- **Assignment**: The answer should hold only the lines from the beginning of the material through the one with "Private Chat with Antonia (18) in Wisconsin", reproduced exactly and without pictures.

- **Given information**:
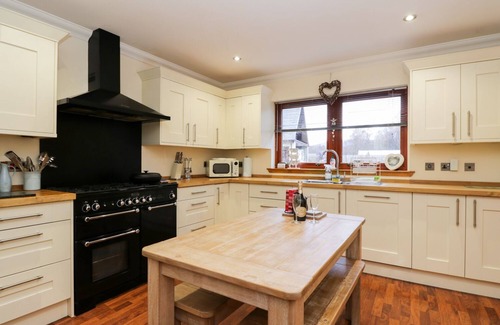 Roybridge Cottage | RIVERBANK HOUSE, family friendly, with hot tub in Roy Bridge
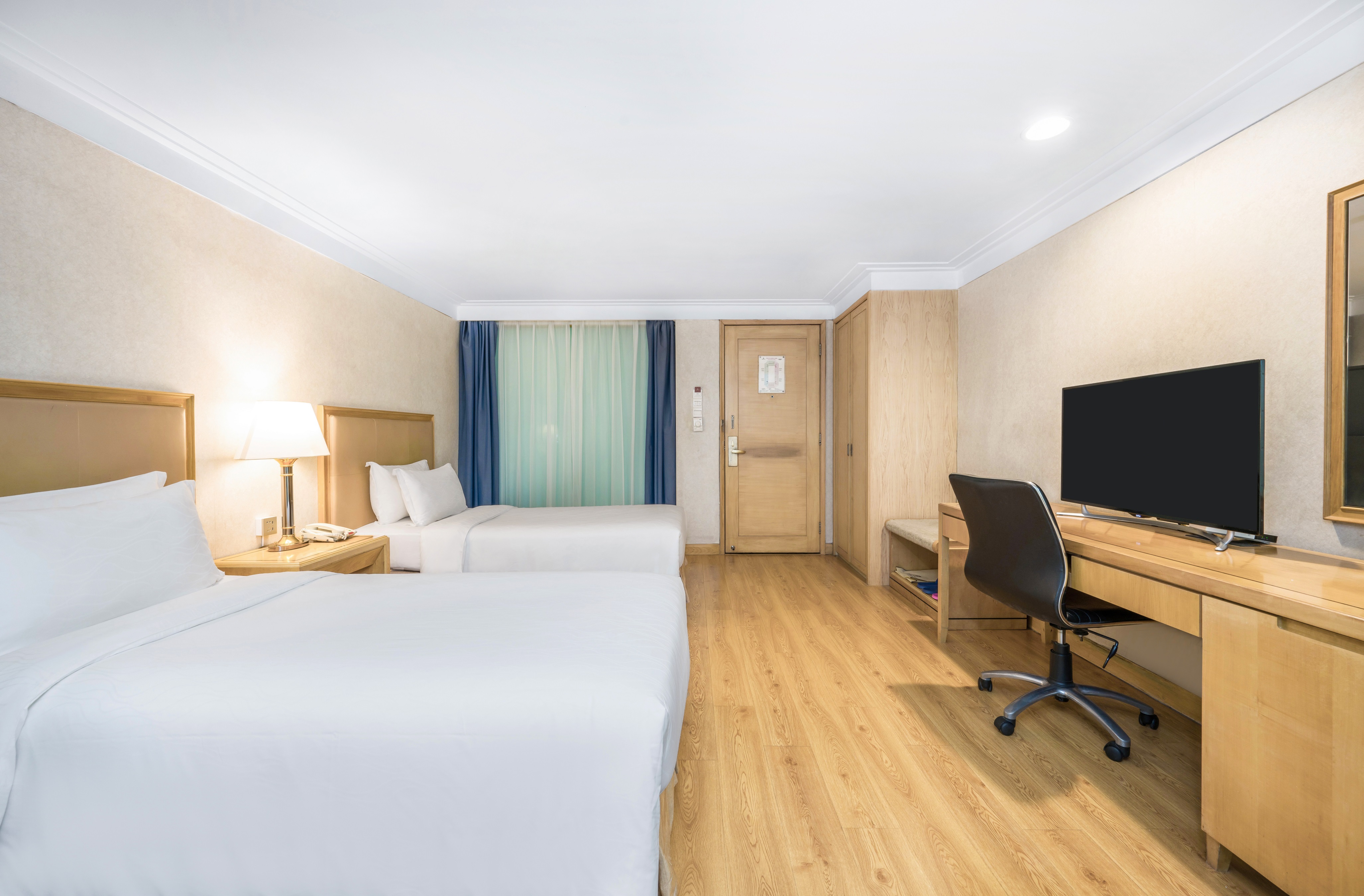 經濟雙床房-無窗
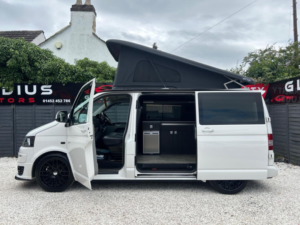 2015 Volkswagen Transporter 2.0 Tdi T28 Startline L1 H1 4dr in White — image 4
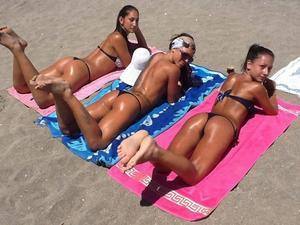 Private Chat with Antonia (18) in Wisconsin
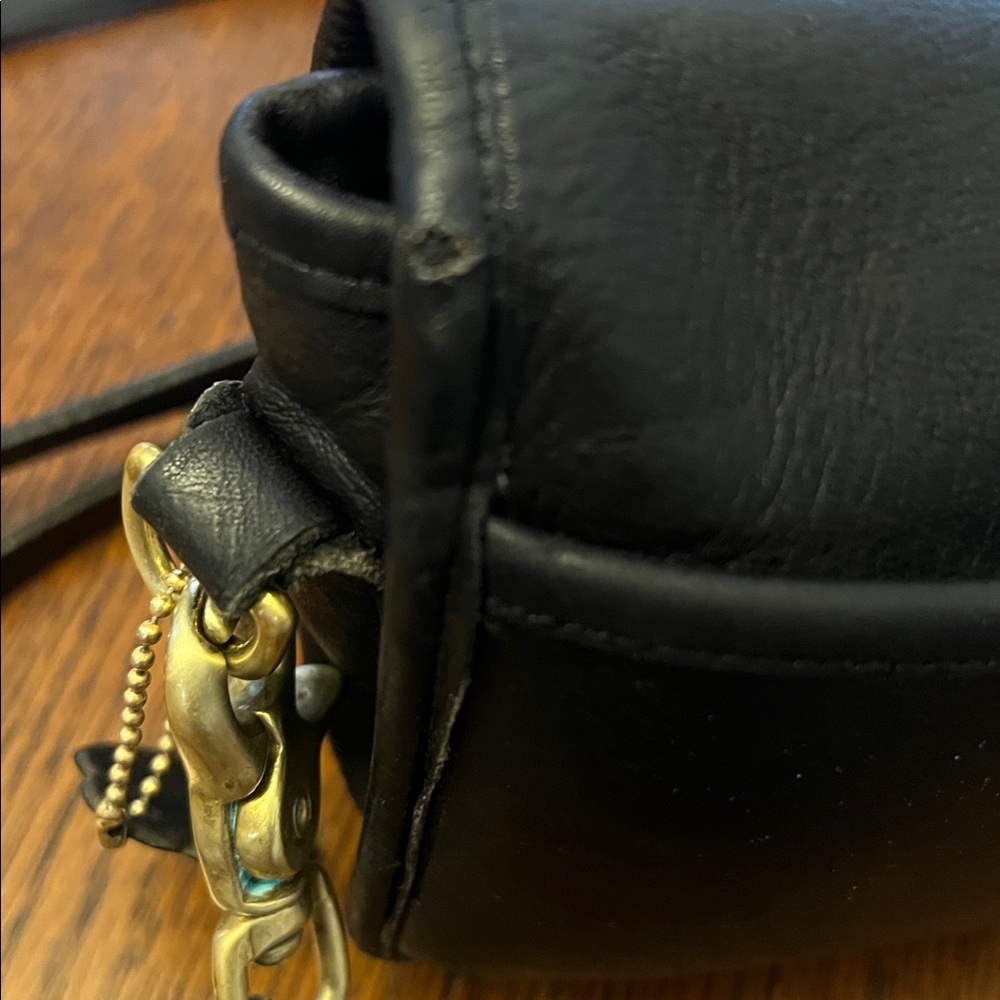 Vintage Coach Black Turnlock Crossbody | Made in USA | Restored Leather - Picture 6 of 13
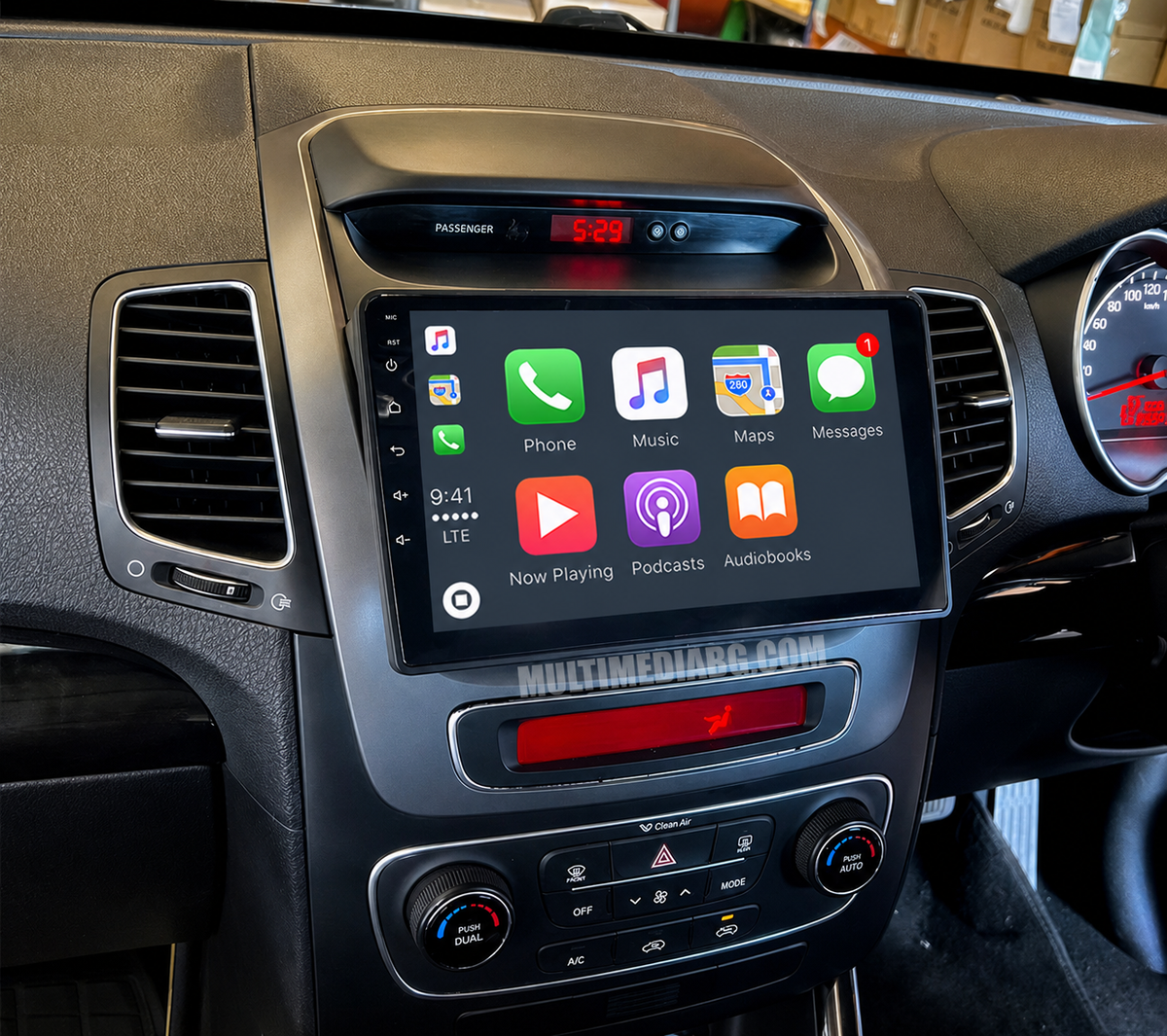 Инсталирана Android мултимедия в Kia Sorento 2013–2014 с отворен интерфейс CarPlay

- **Task answer**:
 Roybridge Cottage | RIVERBANK HOUSE, family friendly, with hot tub in Roy Bridge
 經濟雙床房-無窗
 2015 Volkswagen Transporter 2.0 Tdi T28 Startline L1 H1 4dr in White — image 4
 Private Chat with Antonia (18) in Wisconsin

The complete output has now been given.